Tags for this image:
A new development in Chicago's Lincoln Park neighborhood uses the classic flats-over-shops formula, but in this case the shop is a Best Buy electronics superstore.
Chicago, IL, 60614, USA: A new development in Chicago's Lincoln Park neighborhood uses the classic flats-over-shops formula, but in this case the shop is a Best Buy electronics superstore.
Credits: Payton Chung
Contact: http://westnorth.com

Comments

mid-box is getting better and better

That's a great photo. Hard to believe that a building that convincingly urban could house a Best Buy store. But while there are plenty of boxy stand-alone suburban Best Buys surrounded by big parking lots, the chain seems to respond nimbly to urban situations with smaller footprint mid-box stores? Is that the case here -- is this Best Buy smaller than those typically encountered in sprawled out burbs? Trader Joe's is another mid-box store that fits better into urban locations, as your photos (in the CNU image bank) of the Excelsior and Grand project in Minnesota demonstrate.

By the way, where's the parking??

paytonc's picture

The store's 30,000 sq. ft.,

The store's 30,000 sq. ft., which is the middle size of Best Buy's prototypes (20, 30, and 45K sq. ft.), although the NYT says that's on the small end for them. By comparison, their average Canadian store (called Future Shop) is around 28,000 sq. ft. The layout seems shallower, wider, and shorter (ceilings) than the typical Best Buy. Lee says the parking is below/behind.

Living Above a Big Box

This was covered in the New York Times: Living Above a Big Box

Also of note in this development is the Senior Living Community immediately next to the Best Buy.
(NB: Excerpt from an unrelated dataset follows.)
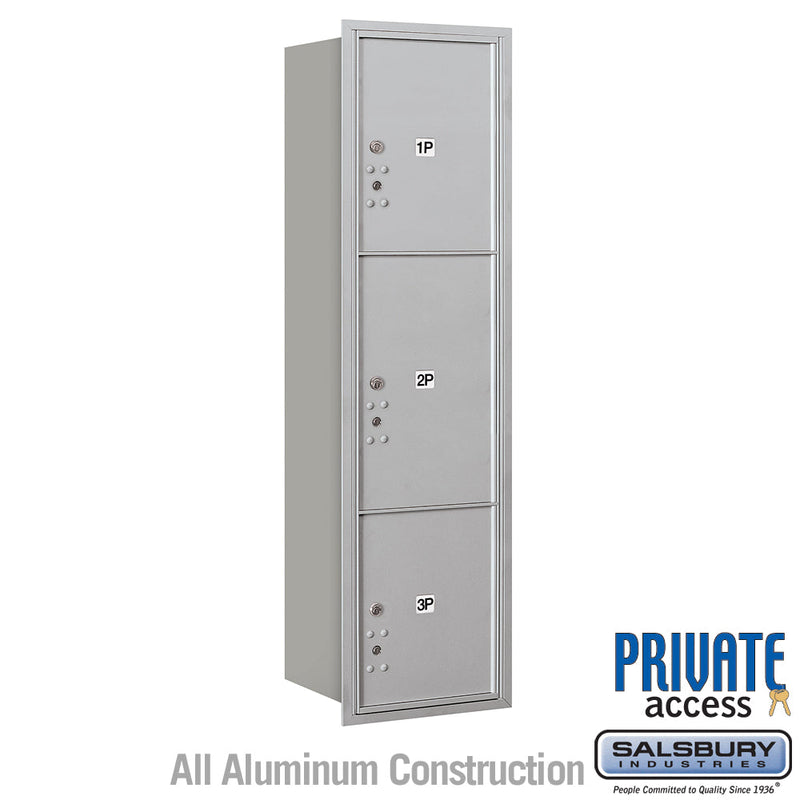 Salsbury Maximum Height Recessed Mounted 4C Horizontal Parcel Locker with 3 Parcel Lockers with Private Access - Rear Loading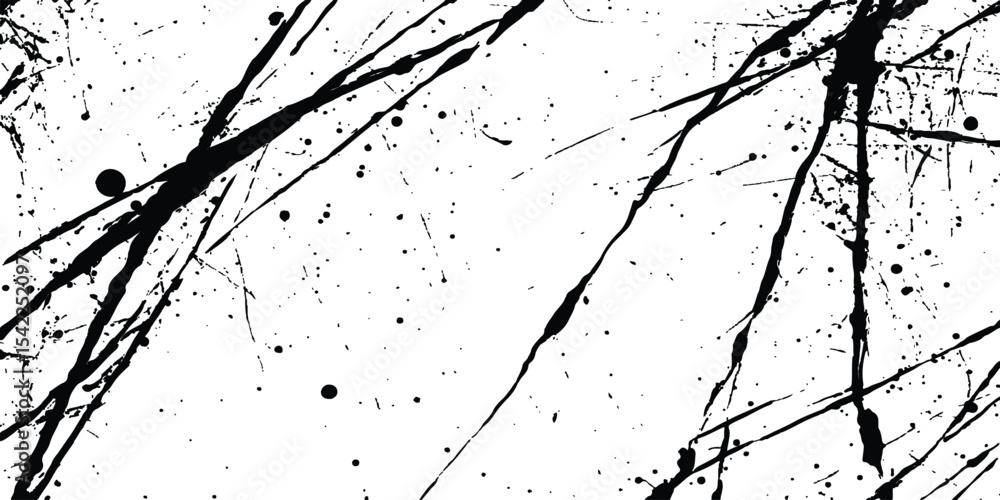 Leinwandbilder Abstract grunge splatter line pattern on white and transparent background. Abstract ink splatter pattern on a white background. Intricate designs of lines and dots in various sizes, creating a dynamic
I think this is a great example of how accommodating good urban form can be. This fits into the street and neighborhood really well, and it's only a 10-minute walk from my house. My only criticism is that most of the street windows are covered over so pedestrians can't see in. I'm looking forward to seeing urban big boxes learn to engage the sidewalk more in the future. I imagine Best Buy in particular would benefit from showing off their wares in their windows, and it's only a matter of time before they learn the tricks of the trade in the urban environment.